The process of inserting a needle into the chest in order to aspirate and remove the free air is called thoracocentesis. It is important that anytime you insert a needle into the chest cavity that you don't inadvertantly introduce bacteria into it, so we did a surgical prep of Max's skin over his rib cage on both sides of his chest. This involved clipping the hair off and scrubbing the skin with an antimicrobial solution. We inserted a needle into his chest, attached some tubing and a syringe, and pulled some air off his chest-and continued to do this over and over and over for well over an hour. we finally got negative pressure on the syringe after almost 10,000 mls of free air was drawn off the left side of his chest and another 1000 mls was taken off his right side. I suspect the two sides were communicating with each other and the "little" extra taken off the second side was just found in a pocket there, but regardless, it was an impressive volume-over 2 1/2 gallons of air where it shouldn't have been!
It was pretty darned cool to watch Max during his thoracocentesis procedure. Initially, it was very difficult for him to sit still for us; there just wasn't any position where he was comfortable and he became cyanotic very frequently from stuggling/panicking. He required oxygen by the face mask, but we had to just keep forging ahead. As more and more air was removed, Max became visibly more comfortable. At first, we noticed he was simply breathing through his nose; he was no longer open-mouthed breathing or panting. Then he became more and more relaxed to the point he rested his head in his nurse's lap, sighing deeply, and even shutting his eyes a bit. He was exhausted, the poor thing, and relieving the air gave him the freedom to stop struggling and just rest. We all felt so good for him.

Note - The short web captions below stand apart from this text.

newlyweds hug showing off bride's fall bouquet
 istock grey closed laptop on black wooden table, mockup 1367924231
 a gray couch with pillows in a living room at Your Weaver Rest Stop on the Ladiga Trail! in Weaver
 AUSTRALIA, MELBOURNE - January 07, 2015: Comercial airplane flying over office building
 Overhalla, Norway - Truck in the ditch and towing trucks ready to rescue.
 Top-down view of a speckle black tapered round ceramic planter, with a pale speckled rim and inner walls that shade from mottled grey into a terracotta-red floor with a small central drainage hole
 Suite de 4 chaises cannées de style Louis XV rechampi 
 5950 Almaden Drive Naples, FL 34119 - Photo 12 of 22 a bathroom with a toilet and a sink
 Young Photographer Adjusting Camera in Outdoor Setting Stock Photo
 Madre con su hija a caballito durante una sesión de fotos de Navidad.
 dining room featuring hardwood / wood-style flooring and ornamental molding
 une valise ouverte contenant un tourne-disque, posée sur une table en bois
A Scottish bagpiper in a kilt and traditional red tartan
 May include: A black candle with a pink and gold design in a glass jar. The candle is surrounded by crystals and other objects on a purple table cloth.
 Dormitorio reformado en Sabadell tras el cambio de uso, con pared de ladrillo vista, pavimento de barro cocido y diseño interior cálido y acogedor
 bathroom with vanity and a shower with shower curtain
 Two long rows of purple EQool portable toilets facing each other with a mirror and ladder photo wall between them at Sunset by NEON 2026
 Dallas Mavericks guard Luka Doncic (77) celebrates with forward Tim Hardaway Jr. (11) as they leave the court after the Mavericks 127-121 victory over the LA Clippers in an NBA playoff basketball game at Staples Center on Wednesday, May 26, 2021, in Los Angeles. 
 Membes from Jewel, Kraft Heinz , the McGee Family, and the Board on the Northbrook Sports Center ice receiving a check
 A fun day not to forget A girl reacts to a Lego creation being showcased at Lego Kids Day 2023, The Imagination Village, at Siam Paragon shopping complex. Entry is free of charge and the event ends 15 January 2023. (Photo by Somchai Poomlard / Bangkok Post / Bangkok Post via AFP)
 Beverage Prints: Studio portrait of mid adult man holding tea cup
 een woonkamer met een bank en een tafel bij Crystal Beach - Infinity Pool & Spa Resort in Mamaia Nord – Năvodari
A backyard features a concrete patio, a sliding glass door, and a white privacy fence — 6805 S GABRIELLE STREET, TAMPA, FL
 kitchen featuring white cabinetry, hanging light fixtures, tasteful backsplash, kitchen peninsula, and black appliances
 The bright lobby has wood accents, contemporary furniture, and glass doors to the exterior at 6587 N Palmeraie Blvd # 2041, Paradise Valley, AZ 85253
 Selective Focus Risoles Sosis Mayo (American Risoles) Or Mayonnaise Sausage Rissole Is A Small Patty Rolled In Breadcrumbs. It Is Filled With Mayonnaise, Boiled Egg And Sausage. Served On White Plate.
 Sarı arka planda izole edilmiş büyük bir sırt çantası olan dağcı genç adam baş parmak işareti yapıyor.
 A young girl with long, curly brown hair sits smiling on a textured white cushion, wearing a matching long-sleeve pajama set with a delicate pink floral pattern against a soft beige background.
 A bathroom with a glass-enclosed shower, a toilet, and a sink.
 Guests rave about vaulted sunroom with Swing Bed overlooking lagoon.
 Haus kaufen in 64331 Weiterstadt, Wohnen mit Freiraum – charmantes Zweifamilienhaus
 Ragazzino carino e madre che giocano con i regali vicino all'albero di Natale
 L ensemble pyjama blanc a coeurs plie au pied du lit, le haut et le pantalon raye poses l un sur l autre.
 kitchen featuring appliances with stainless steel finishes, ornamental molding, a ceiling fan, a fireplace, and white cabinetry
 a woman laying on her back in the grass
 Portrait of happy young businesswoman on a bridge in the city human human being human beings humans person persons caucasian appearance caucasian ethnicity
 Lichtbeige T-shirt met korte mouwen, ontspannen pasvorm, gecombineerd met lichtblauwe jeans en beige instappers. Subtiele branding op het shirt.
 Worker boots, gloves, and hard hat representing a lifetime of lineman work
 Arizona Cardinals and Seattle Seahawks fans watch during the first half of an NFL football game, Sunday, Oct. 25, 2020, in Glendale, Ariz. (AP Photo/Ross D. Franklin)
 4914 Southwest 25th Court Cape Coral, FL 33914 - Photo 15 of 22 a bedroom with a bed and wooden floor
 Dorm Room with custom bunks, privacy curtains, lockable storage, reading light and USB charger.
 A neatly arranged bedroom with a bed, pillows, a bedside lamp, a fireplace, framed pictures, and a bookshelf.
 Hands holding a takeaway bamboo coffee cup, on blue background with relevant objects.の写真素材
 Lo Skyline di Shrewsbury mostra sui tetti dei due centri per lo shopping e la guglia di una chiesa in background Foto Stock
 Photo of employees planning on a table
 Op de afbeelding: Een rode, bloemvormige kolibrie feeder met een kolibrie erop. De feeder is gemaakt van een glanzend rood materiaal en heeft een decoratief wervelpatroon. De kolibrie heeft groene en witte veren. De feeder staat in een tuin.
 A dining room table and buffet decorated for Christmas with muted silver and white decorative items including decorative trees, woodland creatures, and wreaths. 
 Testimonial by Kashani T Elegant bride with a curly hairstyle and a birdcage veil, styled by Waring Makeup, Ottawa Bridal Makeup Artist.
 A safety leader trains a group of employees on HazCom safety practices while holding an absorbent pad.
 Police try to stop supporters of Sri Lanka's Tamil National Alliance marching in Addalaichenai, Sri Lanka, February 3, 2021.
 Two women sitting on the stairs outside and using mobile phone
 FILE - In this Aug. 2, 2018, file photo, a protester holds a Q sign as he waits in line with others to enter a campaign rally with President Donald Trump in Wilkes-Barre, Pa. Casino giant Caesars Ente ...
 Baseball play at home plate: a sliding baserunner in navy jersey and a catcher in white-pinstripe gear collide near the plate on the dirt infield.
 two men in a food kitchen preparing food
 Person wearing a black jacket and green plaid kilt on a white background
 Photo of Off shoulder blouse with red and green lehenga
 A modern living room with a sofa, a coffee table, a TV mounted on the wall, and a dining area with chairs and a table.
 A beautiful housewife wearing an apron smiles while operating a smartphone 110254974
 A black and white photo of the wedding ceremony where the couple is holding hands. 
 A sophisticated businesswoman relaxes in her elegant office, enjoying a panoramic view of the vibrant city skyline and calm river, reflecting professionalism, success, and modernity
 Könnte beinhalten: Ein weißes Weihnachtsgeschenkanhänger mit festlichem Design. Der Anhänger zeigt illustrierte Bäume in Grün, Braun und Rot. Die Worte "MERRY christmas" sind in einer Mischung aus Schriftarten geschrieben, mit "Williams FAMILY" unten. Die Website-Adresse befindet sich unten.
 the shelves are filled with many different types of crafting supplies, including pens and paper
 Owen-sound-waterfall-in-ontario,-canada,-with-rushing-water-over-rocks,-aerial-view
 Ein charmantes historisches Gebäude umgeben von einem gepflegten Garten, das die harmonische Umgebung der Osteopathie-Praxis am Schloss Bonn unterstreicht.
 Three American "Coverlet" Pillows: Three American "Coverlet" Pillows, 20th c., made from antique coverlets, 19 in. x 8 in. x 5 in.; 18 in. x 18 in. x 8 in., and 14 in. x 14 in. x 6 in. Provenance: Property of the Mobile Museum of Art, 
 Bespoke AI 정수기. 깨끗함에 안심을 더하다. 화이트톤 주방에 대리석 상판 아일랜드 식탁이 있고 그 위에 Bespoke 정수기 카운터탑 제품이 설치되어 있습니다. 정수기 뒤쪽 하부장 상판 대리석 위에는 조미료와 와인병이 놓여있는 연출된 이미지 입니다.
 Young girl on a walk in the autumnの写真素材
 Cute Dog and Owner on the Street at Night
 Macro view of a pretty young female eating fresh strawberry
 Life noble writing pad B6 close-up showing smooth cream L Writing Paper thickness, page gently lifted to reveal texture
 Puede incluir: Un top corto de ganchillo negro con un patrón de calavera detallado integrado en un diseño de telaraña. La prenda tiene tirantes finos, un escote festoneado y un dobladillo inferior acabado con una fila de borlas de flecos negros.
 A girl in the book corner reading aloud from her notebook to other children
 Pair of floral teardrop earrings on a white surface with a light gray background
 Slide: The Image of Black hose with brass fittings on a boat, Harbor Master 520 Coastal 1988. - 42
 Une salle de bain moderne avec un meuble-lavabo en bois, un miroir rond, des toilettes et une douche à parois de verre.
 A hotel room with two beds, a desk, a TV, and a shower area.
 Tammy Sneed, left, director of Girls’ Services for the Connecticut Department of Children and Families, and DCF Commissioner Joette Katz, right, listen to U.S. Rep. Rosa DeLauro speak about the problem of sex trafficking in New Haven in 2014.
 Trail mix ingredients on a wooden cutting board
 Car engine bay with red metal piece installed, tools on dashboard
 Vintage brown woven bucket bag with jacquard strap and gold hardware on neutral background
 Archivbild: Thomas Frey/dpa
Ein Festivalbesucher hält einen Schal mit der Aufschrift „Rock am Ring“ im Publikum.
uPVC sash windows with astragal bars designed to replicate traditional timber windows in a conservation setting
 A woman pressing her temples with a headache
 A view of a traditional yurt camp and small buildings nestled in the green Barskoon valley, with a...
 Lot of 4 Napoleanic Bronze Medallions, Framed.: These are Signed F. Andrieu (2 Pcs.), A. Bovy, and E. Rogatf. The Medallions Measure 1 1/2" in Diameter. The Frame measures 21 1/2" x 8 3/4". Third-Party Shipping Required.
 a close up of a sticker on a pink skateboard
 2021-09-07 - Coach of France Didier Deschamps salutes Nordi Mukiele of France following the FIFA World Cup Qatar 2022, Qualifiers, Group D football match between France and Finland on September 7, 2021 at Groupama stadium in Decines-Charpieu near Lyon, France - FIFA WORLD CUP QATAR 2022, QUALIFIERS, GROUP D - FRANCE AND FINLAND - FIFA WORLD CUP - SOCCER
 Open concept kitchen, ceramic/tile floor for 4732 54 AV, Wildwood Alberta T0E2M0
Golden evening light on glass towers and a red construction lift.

We never did find out the cause of Max's pneumothorax, but he was lucky. We sent him home and over night and through the next day, there was no evidence that the pneumothorax was returning. We never did have to place a chest tube, but we did put him on some antibiotics and some antiinflammatory medications. We had Max come in that next day and we listened to his chest, but you could just tell by looking at his face and reading his demeanor that he was back to his happy, rested self-no longer preoccupied with where his next breath was going to come from. His owners were please and very relieved, and it looked like they were able to finally get some sleep, too. Breathing is a good thing.